### Records supplied:
::::

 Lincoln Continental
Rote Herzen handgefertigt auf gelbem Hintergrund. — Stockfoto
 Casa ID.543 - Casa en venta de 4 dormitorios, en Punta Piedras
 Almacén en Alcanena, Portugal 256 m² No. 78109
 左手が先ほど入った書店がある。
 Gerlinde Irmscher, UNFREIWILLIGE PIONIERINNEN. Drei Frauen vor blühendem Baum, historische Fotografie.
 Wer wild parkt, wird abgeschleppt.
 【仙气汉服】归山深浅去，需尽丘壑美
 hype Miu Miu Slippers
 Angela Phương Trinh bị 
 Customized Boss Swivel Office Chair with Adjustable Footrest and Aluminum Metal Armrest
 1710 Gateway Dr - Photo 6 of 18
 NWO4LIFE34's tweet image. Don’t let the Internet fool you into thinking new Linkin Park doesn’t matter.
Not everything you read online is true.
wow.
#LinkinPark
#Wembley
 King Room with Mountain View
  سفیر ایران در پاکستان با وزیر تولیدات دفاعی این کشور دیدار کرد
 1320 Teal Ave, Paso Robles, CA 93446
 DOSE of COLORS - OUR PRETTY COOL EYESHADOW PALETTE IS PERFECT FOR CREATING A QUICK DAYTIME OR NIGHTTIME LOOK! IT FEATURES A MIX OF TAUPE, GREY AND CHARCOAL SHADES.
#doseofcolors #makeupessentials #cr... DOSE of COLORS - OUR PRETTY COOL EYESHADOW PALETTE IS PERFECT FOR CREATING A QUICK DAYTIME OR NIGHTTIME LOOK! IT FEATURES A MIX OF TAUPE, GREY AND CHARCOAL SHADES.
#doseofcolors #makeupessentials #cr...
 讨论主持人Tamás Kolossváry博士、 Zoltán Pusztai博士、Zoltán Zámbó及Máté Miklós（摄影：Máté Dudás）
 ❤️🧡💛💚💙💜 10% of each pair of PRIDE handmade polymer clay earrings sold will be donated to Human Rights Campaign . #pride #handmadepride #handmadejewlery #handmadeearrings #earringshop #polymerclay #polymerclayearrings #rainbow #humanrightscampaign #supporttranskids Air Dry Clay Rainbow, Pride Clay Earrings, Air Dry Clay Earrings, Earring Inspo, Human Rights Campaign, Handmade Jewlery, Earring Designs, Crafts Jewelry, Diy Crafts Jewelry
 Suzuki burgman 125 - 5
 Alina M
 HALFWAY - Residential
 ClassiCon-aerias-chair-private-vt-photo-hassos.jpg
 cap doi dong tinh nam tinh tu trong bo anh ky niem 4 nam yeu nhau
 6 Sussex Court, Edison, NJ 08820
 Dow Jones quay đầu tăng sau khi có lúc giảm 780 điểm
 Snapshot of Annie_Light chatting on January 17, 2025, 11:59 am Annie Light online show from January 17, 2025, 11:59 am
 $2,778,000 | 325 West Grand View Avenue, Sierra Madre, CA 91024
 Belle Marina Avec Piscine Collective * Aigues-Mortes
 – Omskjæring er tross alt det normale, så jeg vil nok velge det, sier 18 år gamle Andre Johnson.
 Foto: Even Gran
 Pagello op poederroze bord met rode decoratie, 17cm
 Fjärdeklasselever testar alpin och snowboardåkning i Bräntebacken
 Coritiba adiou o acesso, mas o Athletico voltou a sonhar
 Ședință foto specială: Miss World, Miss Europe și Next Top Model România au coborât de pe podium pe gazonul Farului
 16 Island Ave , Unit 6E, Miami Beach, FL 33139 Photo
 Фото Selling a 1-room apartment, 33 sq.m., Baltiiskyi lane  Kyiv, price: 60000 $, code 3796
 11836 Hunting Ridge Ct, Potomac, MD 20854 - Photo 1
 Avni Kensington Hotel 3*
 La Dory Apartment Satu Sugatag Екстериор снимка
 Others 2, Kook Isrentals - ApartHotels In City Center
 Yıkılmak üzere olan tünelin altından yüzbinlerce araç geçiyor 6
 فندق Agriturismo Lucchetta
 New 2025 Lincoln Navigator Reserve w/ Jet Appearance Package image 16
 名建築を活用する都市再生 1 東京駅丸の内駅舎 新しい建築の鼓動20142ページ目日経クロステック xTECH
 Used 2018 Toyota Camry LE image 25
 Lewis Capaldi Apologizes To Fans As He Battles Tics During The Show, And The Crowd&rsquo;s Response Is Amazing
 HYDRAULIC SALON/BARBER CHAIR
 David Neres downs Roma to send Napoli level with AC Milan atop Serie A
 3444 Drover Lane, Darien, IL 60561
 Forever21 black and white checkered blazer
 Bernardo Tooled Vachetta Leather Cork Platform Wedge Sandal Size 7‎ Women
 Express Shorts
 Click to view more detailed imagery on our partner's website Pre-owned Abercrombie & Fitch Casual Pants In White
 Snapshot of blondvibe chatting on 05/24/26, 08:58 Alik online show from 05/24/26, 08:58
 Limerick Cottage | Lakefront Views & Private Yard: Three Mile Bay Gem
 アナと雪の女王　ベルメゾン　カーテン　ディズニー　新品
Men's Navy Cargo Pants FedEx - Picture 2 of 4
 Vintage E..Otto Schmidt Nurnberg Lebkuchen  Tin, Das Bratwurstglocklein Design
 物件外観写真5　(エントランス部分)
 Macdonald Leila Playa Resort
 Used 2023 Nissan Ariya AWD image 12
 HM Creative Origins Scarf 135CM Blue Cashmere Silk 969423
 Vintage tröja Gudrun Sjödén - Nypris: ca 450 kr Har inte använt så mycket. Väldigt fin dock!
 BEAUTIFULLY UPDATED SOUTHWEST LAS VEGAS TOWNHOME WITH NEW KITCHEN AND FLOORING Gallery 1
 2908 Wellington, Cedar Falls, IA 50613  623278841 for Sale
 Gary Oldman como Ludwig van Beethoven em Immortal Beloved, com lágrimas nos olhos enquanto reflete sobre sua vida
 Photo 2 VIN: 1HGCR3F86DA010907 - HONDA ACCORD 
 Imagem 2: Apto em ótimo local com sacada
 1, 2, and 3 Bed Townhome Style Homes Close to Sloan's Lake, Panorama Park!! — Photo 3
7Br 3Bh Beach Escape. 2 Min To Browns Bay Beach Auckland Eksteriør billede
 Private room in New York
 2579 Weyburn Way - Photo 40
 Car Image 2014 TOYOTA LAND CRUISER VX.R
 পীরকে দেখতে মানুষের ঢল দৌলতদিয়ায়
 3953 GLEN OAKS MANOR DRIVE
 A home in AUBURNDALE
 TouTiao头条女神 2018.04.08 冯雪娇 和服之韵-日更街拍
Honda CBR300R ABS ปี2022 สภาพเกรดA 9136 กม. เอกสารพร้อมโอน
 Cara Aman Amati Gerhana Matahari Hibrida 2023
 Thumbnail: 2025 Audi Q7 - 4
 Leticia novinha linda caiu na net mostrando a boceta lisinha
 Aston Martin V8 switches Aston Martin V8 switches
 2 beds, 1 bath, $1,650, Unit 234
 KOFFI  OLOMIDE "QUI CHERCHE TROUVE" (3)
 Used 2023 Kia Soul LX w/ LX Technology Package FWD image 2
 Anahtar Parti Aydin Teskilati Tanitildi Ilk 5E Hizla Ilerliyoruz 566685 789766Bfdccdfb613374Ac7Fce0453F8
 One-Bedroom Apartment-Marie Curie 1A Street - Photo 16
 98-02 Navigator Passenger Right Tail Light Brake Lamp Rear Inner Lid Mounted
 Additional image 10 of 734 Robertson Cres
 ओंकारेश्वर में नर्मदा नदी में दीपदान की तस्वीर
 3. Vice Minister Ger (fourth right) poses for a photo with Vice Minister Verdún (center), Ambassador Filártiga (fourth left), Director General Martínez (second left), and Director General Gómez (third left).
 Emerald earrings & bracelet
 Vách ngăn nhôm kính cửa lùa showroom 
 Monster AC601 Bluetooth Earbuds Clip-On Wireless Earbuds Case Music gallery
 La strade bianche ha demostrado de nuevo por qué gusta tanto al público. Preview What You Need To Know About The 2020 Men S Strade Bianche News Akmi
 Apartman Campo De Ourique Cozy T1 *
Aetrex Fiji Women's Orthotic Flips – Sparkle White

::::

### Required action:
Please give the number of lines in the listing above that contain the string "doseofcolors", without anything else.

### Result:
2